0.4

95 15 71
                                    

- somebody else.

felix's pov

yalnız değilim.
seni bir daha asla göremeyecek, sesini duyamayacak olsam bile...
söyleyecek tek bir sözüm olmasa bile...
senin en sevdiğin şeyi yanıma alıyorum.

kış zamanında geçen bir hikaye...soğuk bir sabahta geçen bir hikaye...
(fuyu no hanashi)

...

hanji:
kampüsteki bisiklet parkının oradayım hyung

minho hyung:
tamam
10 dakikaya orada olurum

hanji:
tamam hyung. 🙄
dikkatli ol

minho hyung:
tamam.

jisung bir gün hyung'u yüzünden ciddi anlamda sinir krizi geçirecekti. dediği gibi yaklaşık on dakikadır bir bankta oturmuş minho'yu bekliyordu.

gelen motor sesiyle kafasını kaldırdı. minho, motorsikletini park edip kaskını çıkarırken jisung büyülenmiş bir şekide onu izliyordu.

"hey han!" dalmıştı ve cevap veremiyordu.

en başından beri minho'ya karşı hisler besliyordu.

başkalarına karşı sert olan kişiliğinin yumuşak tarafından sadece jisung haberdardı. buna da minho izin veriyordu ancak jisung'un bu kadar zorlandığını bilmiyordu; ona umut veriyordu. farkında olmadan jisung'un kendisine kapıldığından bir haberdi. jisung ise minho'yu birkaç kez karşı cinsle beraber gördüğü için ne yapacağını bilemez bir haldeydi. tıpkı dün geceki siyah saçlı güzel kız gibi.

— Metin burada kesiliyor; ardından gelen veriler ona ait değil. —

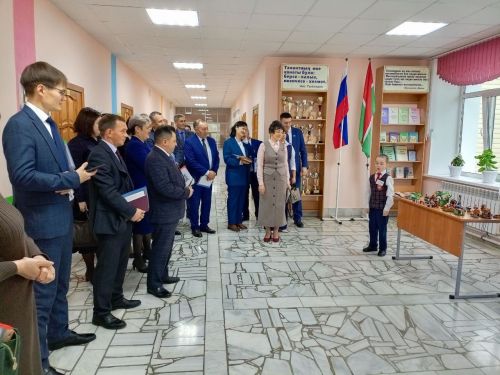 Нөнәгәр мәктәбендә  директор урынбасарлары өчен семинар узды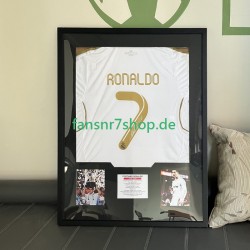 Cristiano Ronaldo Nr. 7 Real Madrid Retro Heimtrikot 2011 – signiert, Premium-Rahmen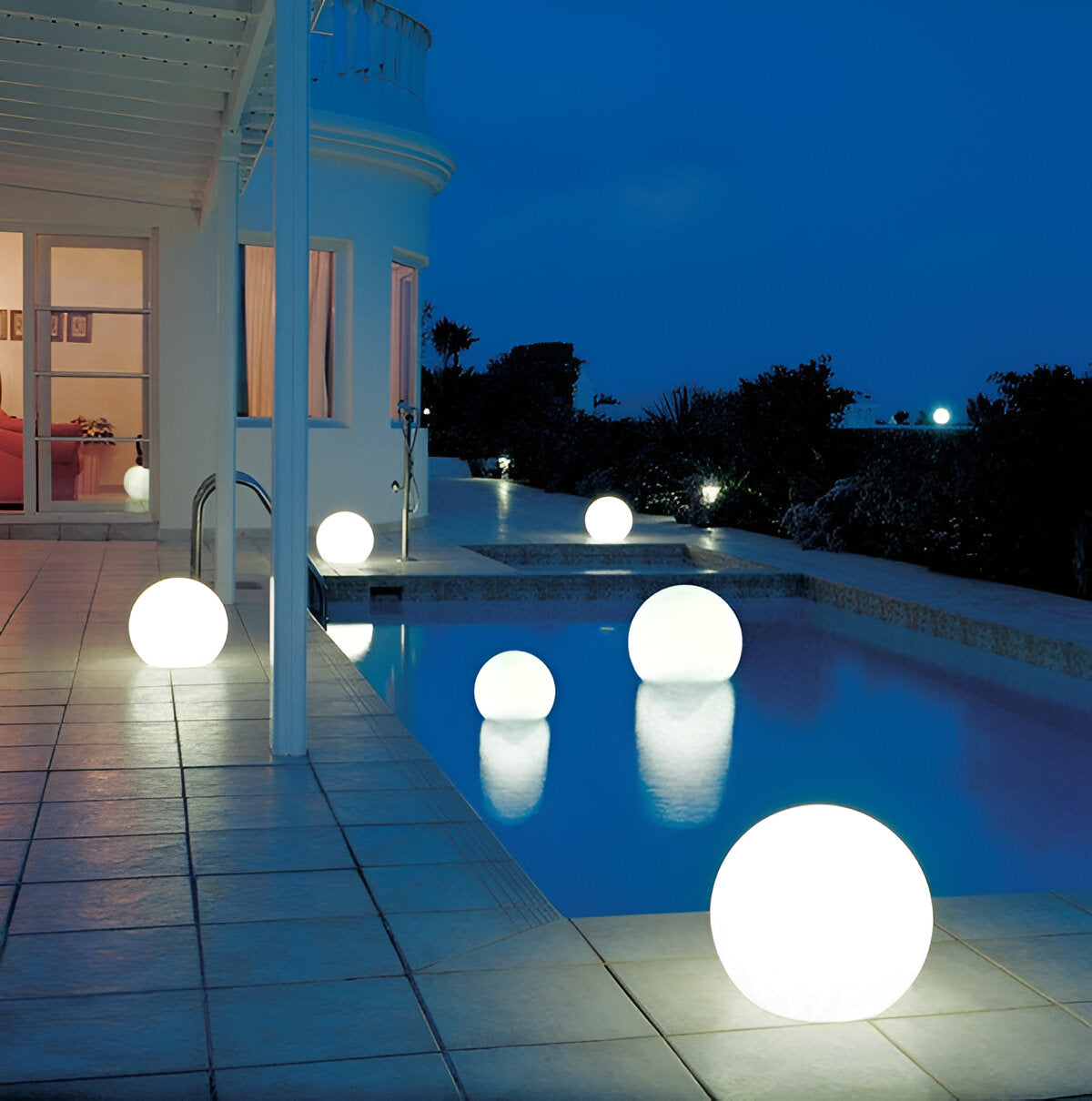 LunaSphere – Colourful LED Balls for Magical Atmospheres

saçları. orantılı yüzü, bateri çalarken istemeden kullandığı tatlı mimikleri... lee minho'nun bu kadar kusursuz olup kendisine aşık etmeye hakkı yoktu.

kafasındaki düşünceleri kenara itip dudağındaki piercing ile oynayarak ona selam veren hyunguna döndü. "merhaba hyung."

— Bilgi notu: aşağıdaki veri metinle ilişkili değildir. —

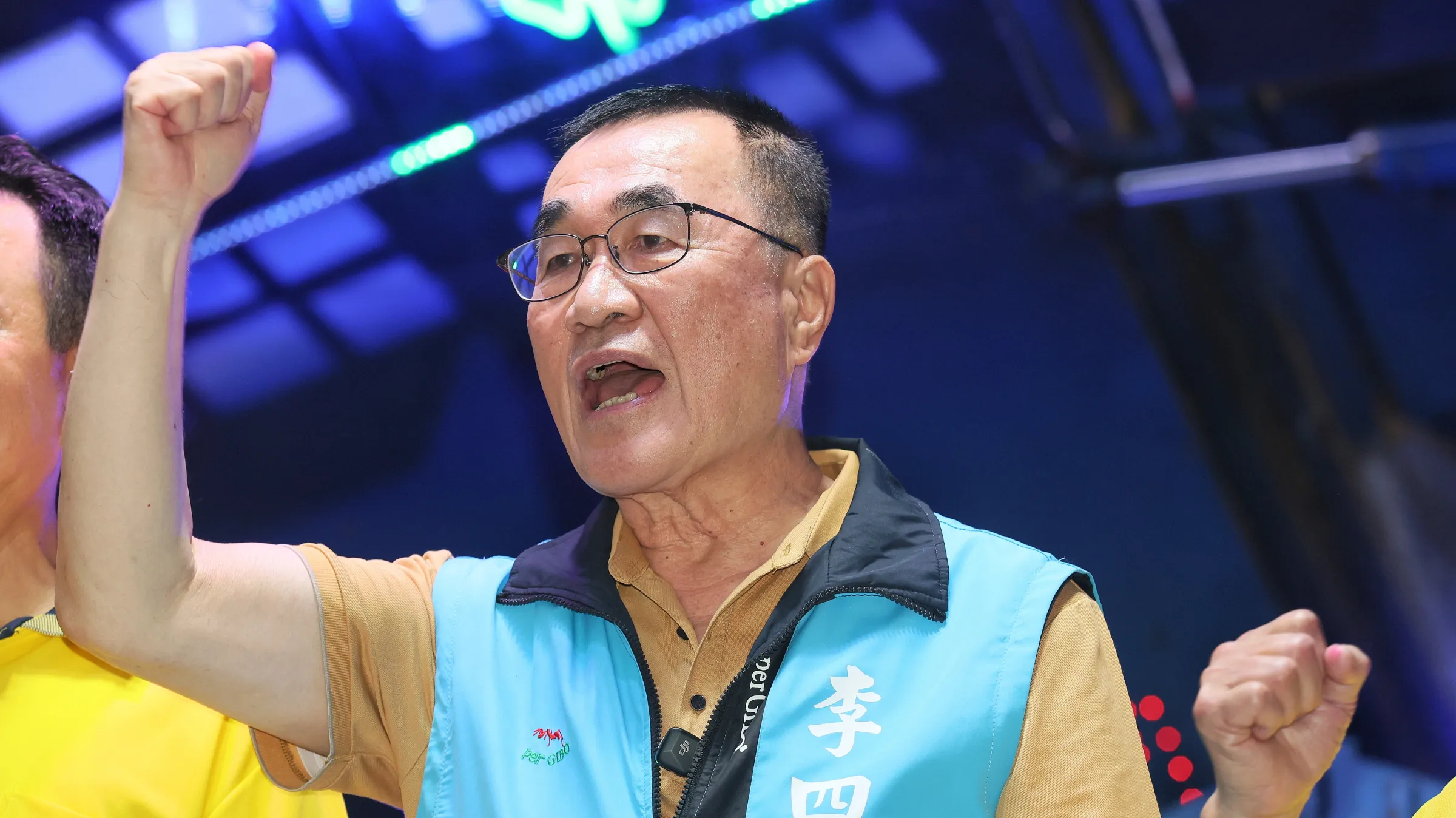 李四川氏が三重区の廟の祭事に出席した様子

bankın boş tarafına oturup hafifçe jisung'a döndü. "hyunjin'in attığı mesajı gördün mü?"

"gördüm." farkında olmadan soğuk çıkan sesine küfürler etti. minho hafifçe kaşlarını kaldırıp dudağını öne büzdü; nesi vardı jisung'un?

boşverip konuşmaya devam etti. "felix'i gruba almak istiyor değil mi."

bir iç çekişle cevap verdi jisung." bunun olacağını tahmin etmiştim. ancak bu kadar hızlı olması beklenilmez bir şeydi."

ceketinin cebinden çıkardığı sigaranın paketini açıp bir dalını ağzına yerleştirmişti. çakmağını ararken hafif boğuk bir şekilde konuştu. "ne bekliyordun?"

"gitarda kendisini biraz daha geliştirdikten sonra geleceğini düşünüyordum."

"ben de öyle düşünüyordum. bu yüzden ona sordum." sonunda bulduğu çakmağıyla sigarasını yaktı ve içine çekti.

"sence de biraz kabaca değil mi hyung? hyun'un bu çocuktan hoşlandığını biliyorsun." evet hyunjin'in kendi ağzından duymadıkları bir şeydi ama hyunjin kendisinin farkında olmasa bile felix'e karşı hisleri olduğundan eminlerdi.